Cucinelli Sees Rosy 2014 Amid Strong Demand for ExclusivityAndrew Roberts
Brunello Cucinelli said he’s optimistic about his namesake cashmere clothier’s prospects amid strong demand for the most exclusive luxury goods.
“I’m very confident -- not just for our company -- but for the high end of the market in general,” Cucinelli said in a phone interview last week. “I see a very rosy future.”
Cucinelli, based in Solomeo, Italy, last month forecast revenue and profit will rise at least 10 percent this year, about double Sanford C. Bernstein’s estimate for luxury market growth. The maker of 990-euro linen and silk sweaters reported earnings before interest, tax, depreciation and amortization of 58.2 million euros ($80.5 million) on revenue of 322.5 million euros in 2013, in line with analysts’ estimates.
The reaction of department stores’ buyers to Cucinelli’s fall-winter collection, which includes mink sweatshirts and layered tulle skirts, bodes for “a very beautiful year,” the chief executive officer said. The company gets more than half of revenue from third-party distributors.

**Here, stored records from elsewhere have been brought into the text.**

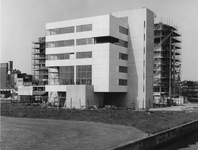 1968-1095 Bouw van het Oecumenisch Centrum, gezien vanuit het zuiden. Op de achtergrond de serviceflat van Wereldhaven ...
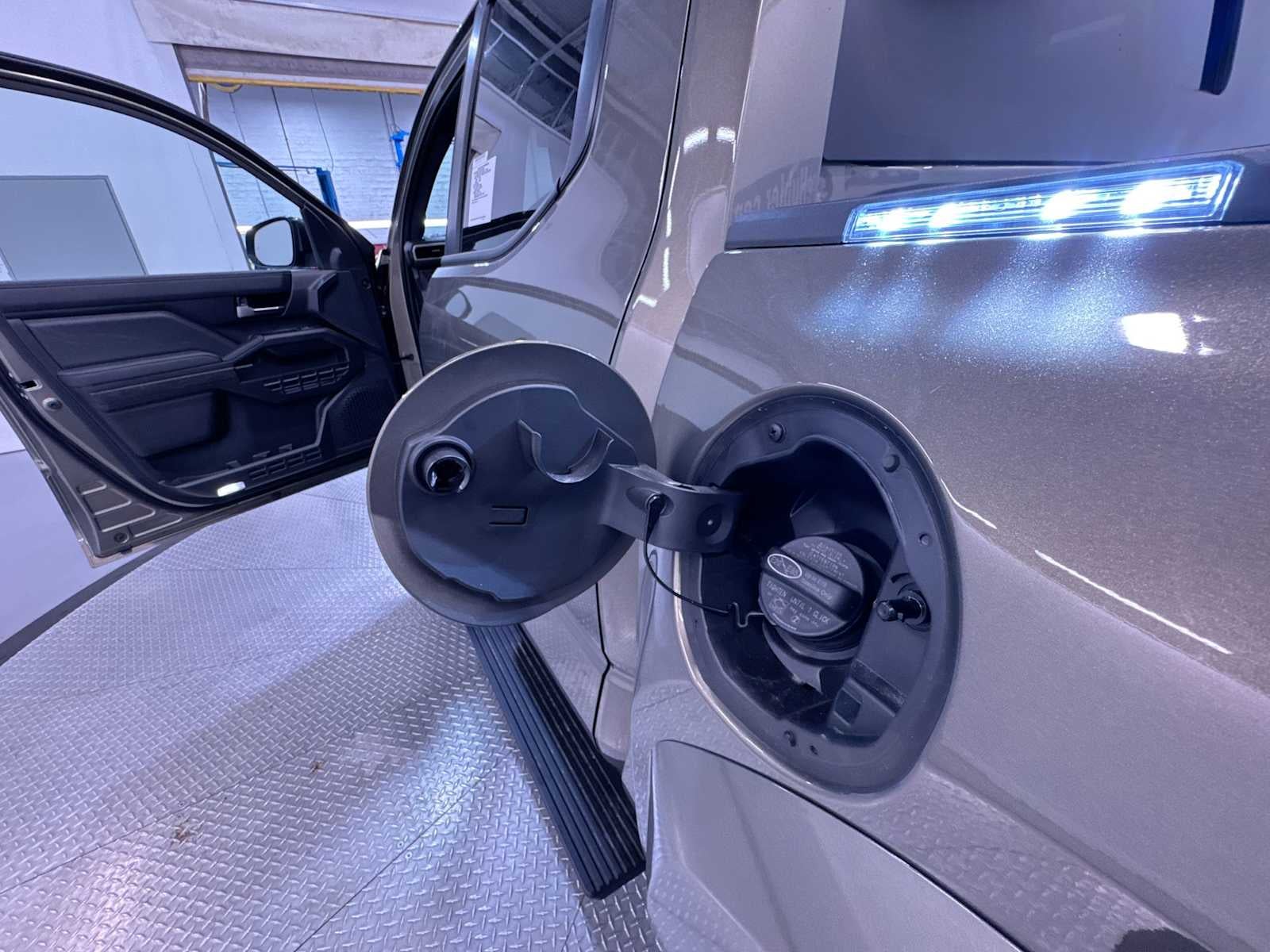 2026 Toyota Tacoma i-FORCE MAX Tacoma Limited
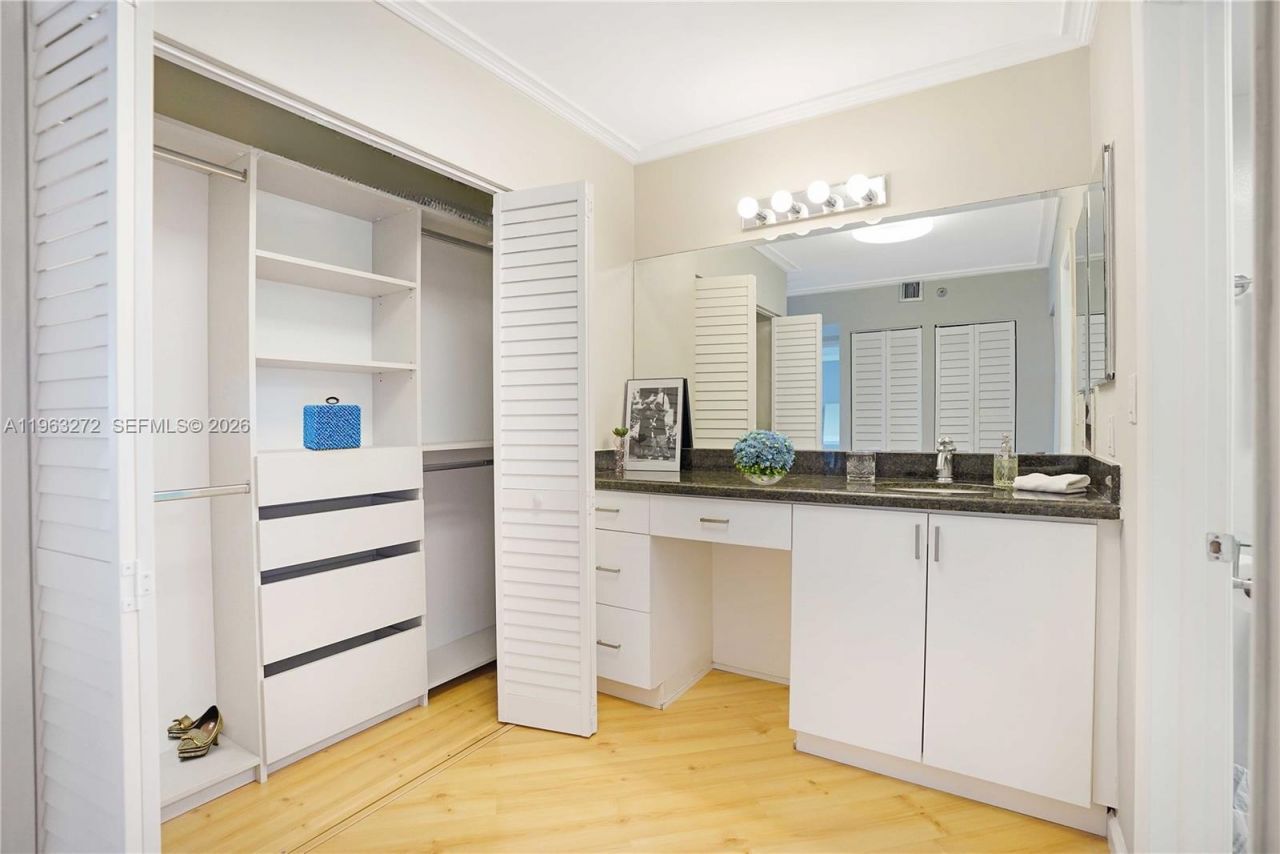 20505 E Country Club Dr, Unit 836, Aventura, FL 33180 Photo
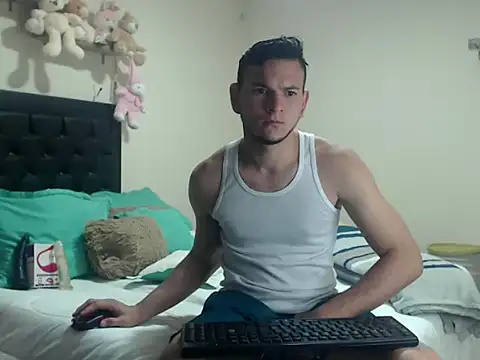 Latin Boy24 online show from March 20, 2026, 12:39 pm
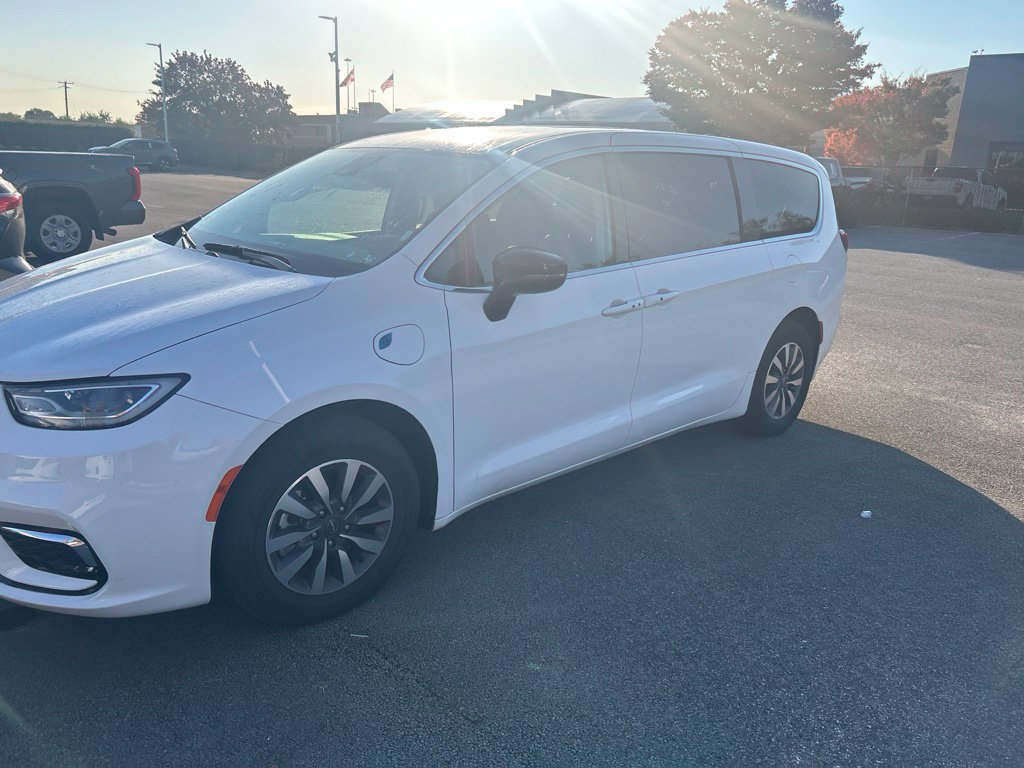 Used 2024 Chrysler Pacifica Limited FWD image 17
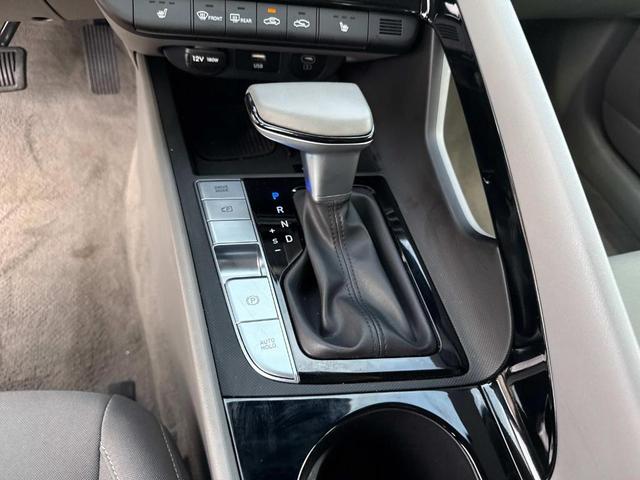 Photo of 2024 White Hyundai ELANTRA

Cucinelli has lost more than a fifth of its value in Milan trading this year, underperforming peers such as Paris-based handbag maker Hermes International SCA. Still, the stock has more than doubled since being offered to the public at 7.75 euros a share two years ago.
The shares rose as much as 3.2 percent and traded up 2.9 percent at 20.51 euros as of 5:02 p.m. in Milan, giving the company a market value of about 1.4 billion euros.
While narrowing income inequality could hurt high-end demand, luxury consumers in emerging markets will probably provide a major boost to clothiers such as Cucinelli, which gets 5 percent of revenue from greater China, according to Luca Solca, head of luxury-goods research at Exane BNP Paribas.
“Chinese and emerging-market consumers at large are discovering it is not enough to own expensive accessories to be elegant,” Solca wrote in a February report. “Smart casual, even more so than formal wear, seems the way forward” and “Cucinelli has a specific positioning in contemporary casual chic, a niche not really addressed by competitors.”
That doesn’t mean the company will accelerate retail expansion because widely distributed luxury goods don’t appeal to the very wealthy, Cucinelli said.
“You have to be exclusive” the CEO said, adding he doesn’t plan to open men’s-only stores after after agreeing last year to acquire Italian suitmaker D’Avenza.
Cucinelli will open a half dozen directly operated stores this year, less than half the number it opened in 2013, Solca estimates. The clothier had 61 directly operated stores at the end of 2013, 16 of which are in greater China.
Sales haven’t been affected by the situation in Ukraine, Cucinelli said. The company gets about 5 percent of its revenue from Russia and the countries that made up the former Soviet Union, he said.